- What you have to do: From the line containing "N&W S1a 220" down to the line containing "Sculptor Poplin Shirt in Black Stripe" in the records below, reproduce every line exactly, ends included, and omit all others.

Data items:
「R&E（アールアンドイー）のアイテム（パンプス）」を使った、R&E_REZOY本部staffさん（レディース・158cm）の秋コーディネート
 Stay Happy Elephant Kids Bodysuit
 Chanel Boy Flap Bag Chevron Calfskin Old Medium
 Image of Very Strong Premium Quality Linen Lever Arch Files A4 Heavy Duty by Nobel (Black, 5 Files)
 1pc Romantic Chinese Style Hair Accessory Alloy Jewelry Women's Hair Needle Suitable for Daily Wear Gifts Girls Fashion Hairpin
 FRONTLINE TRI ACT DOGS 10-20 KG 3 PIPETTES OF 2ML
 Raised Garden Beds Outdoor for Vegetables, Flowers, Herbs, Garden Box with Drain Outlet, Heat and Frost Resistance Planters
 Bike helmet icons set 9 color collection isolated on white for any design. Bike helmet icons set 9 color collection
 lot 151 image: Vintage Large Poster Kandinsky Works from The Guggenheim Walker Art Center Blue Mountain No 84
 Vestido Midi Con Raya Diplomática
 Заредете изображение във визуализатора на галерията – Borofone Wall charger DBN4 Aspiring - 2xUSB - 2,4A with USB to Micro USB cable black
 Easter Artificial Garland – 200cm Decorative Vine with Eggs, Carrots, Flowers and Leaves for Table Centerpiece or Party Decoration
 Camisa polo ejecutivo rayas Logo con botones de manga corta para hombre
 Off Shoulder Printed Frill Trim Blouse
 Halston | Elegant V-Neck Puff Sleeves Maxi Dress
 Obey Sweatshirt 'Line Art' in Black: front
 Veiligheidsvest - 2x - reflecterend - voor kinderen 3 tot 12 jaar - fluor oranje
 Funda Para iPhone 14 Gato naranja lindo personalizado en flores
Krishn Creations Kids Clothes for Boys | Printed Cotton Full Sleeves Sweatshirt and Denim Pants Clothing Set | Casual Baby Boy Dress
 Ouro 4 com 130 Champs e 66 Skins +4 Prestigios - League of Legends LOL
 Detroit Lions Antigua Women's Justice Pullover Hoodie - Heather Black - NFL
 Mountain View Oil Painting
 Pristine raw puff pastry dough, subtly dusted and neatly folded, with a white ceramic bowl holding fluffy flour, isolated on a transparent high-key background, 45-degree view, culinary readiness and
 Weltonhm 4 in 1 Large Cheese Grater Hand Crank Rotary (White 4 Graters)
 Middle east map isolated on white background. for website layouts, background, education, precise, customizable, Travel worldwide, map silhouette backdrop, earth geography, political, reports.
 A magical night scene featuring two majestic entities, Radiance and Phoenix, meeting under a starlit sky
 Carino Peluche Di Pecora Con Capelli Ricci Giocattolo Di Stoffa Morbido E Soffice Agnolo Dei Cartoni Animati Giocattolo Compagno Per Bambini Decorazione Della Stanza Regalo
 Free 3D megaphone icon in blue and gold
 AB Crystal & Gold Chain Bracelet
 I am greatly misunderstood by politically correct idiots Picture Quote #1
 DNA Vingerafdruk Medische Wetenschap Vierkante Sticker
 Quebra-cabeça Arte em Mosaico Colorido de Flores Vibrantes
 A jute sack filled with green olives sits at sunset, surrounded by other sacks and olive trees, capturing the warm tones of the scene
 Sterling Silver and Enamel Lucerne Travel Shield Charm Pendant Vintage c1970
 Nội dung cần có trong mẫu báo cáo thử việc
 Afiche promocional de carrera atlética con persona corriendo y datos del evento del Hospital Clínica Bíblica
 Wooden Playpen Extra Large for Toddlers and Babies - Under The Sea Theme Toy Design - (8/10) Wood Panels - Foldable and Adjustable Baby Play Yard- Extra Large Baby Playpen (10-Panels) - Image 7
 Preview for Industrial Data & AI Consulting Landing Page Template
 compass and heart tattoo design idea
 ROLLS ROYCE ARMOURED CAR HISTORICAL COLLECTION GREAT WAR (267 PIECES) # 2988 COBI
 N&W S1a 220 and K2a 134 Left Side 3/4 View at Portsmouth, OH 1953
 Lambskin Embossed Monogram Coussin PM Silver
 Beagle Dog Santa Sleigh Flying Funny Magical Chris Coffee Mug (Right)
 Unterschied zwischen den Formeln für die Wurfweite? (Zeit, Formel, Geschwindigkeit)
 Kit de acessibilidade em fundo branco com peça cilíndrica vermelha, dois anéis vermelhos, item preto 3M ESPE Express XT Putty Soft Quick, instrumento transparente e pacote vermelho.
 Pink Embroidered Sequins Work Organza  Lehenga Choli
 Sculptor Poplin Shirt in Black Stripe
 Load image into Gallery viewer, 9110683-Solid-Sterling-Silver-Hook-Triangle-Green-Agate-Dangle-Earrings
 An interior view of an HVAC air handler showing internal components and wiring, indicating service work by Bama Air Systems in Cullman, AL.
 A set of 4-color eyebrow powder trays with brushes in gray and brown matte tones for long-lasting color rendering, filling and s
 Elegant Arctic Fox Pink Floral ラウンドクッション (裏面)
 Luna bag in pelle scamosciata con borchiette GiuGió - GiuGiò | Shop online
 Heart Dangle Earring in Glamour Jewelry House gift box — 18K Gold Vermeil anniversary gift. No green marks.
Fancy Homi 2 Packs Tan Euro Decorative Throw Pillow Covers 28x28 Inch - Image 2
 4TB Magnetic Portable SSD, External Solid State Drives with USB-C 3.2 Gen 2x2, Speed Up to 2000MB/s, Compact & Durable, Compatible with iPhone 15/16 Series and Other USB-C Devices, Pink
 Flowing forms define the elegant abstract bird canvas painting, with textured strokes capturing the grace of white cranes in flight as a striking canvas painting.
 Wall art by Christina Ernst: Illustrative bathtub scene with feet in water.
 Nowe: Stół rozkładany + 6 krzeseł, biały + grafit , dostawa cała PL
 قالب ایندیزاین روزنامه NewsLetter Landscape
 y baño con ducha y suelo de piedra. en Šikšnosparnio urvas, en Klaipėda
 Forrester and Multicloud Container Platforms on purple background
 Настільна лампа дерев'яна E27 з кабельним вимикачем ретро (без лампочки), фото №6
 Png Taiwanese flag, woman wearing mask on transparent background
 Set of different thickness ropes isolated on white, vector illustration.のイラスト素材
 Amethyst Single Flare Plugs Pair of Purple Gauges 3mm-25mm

- Exercise solution:
 N&W S1a 220 and K2a 134 Left Side 3/4 View at Portsmouth, OH 1953
 Lambskin Embossed Monogram Coussin PM Silver
 Beagle Dog Santa Sleigh Flying Funny Magical Chris Coffee Mug (Right)
 Unterschied zwischen den Formeln für die Wurfweite? (Zeit, Formel, Geschwindigkeit)
 Kit de acessibilidade em fundo branco com peça cilíndrica vermelha, dois anéis vermelhos, item preto 3M ESPE Express XT Putty Soft Quick, instrumento transparente e pacote vermelho.
 Pink Embroidered Sequins Work Organza  Lehenga Choli
 Sculptor Poplin Shirt in Black Stripe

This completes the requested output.